[Crawled caption data]
####################

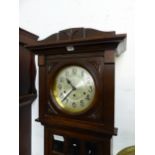 AN EARLY 20th CENTURY OAK LONG CASED GRANDFATHER CLOCK WITH EIGHT DAY CHIMING MOVEMENT. H 183 W 48 D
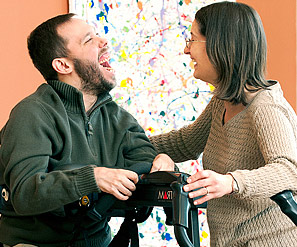 A man laughs and smiles with delight as a caregiver helps him transfer to a standing position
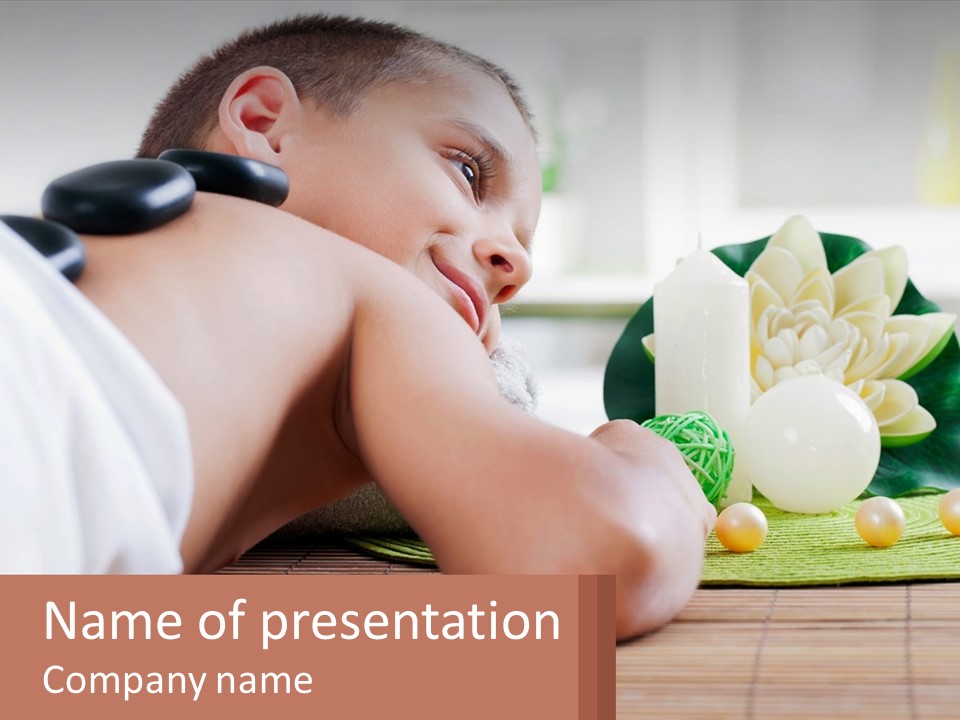 A Young Boy Laying On A Table Next To A Flower Powerpoint Presentation PowerPoint Template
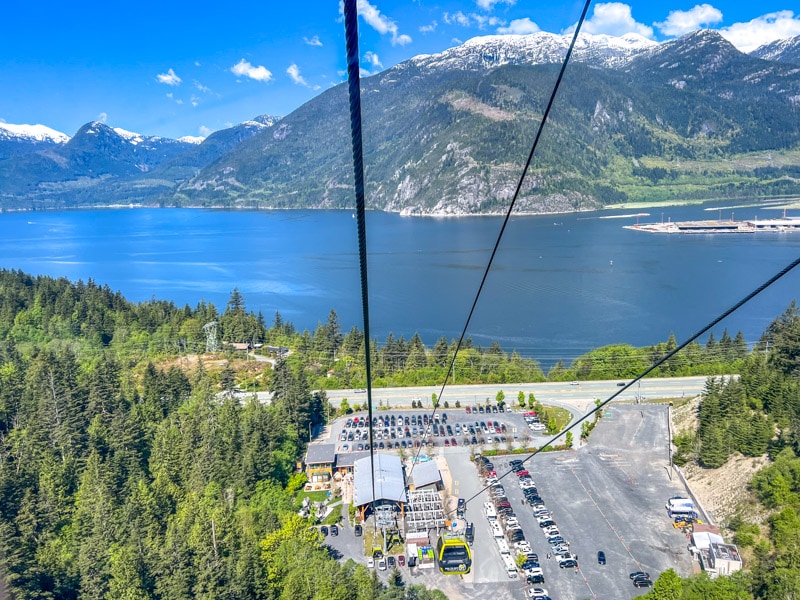 view from rising gondola with blue water and mountains in distance.
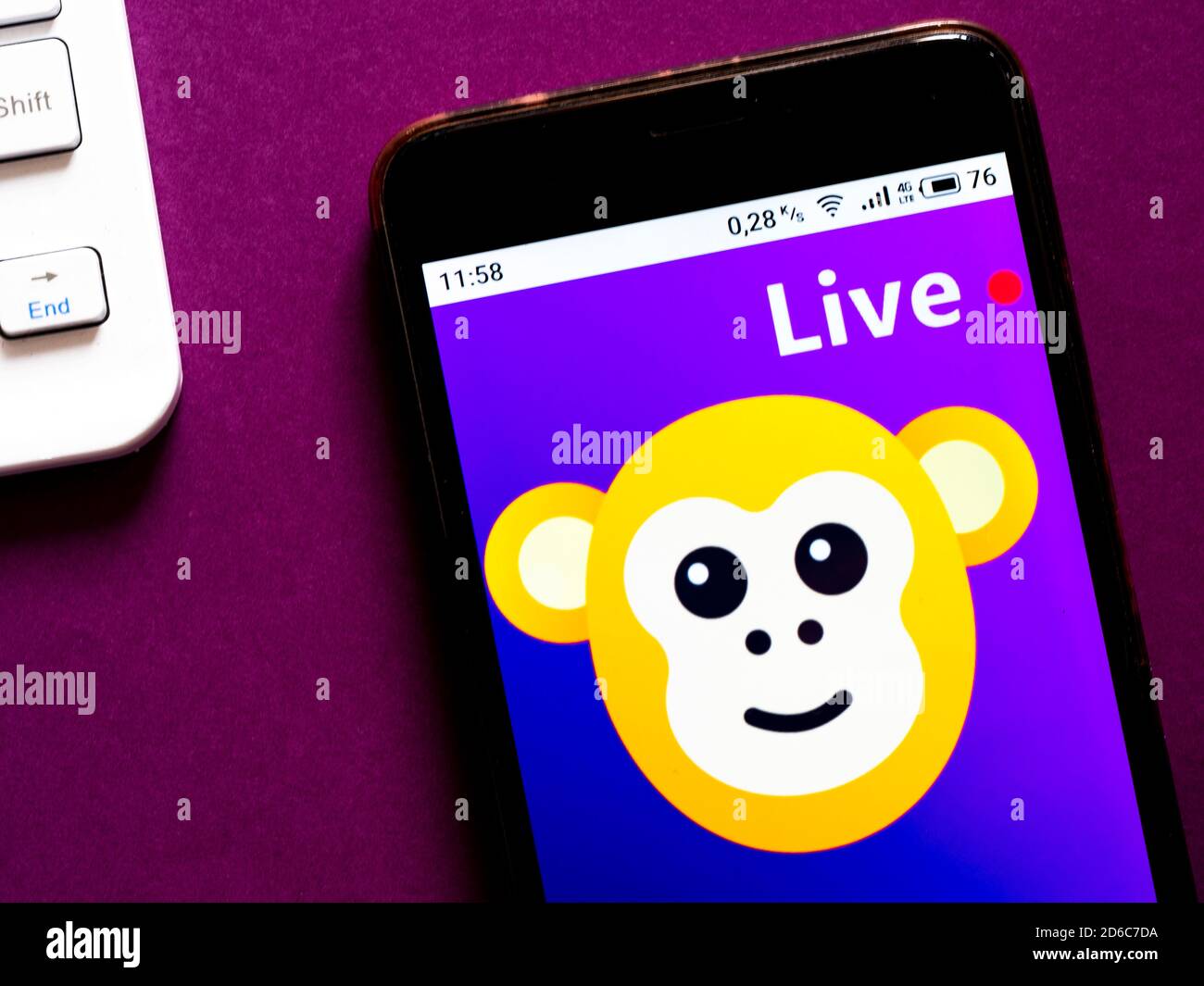 In this photo illustration a Monkey Video Chat - Live Chat appliance by 玉霞 杨 logo is seen displayed on a smartphone Stock Photo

####################

> _PROBLEM DETAILS_
Please return the lines from the line with "A man laughs" through the last line of the data, both included, exactly, and without pictures.

> _ANSWER TO THIS TASK_
 A man laughs and smiles with delight as a caregiver helps him transfer to a standing position
 A Young Boy Laying On A Table Next To A Flower Powerpoint Presentation PowerPoint Template
 view from rising gondola with blue water and mountains in distance.
 In this photo illustration a Monkey Video Chat - Live Chat appliance by 玉霞 杨 logo is seen displayed on a smartphone Stock Photo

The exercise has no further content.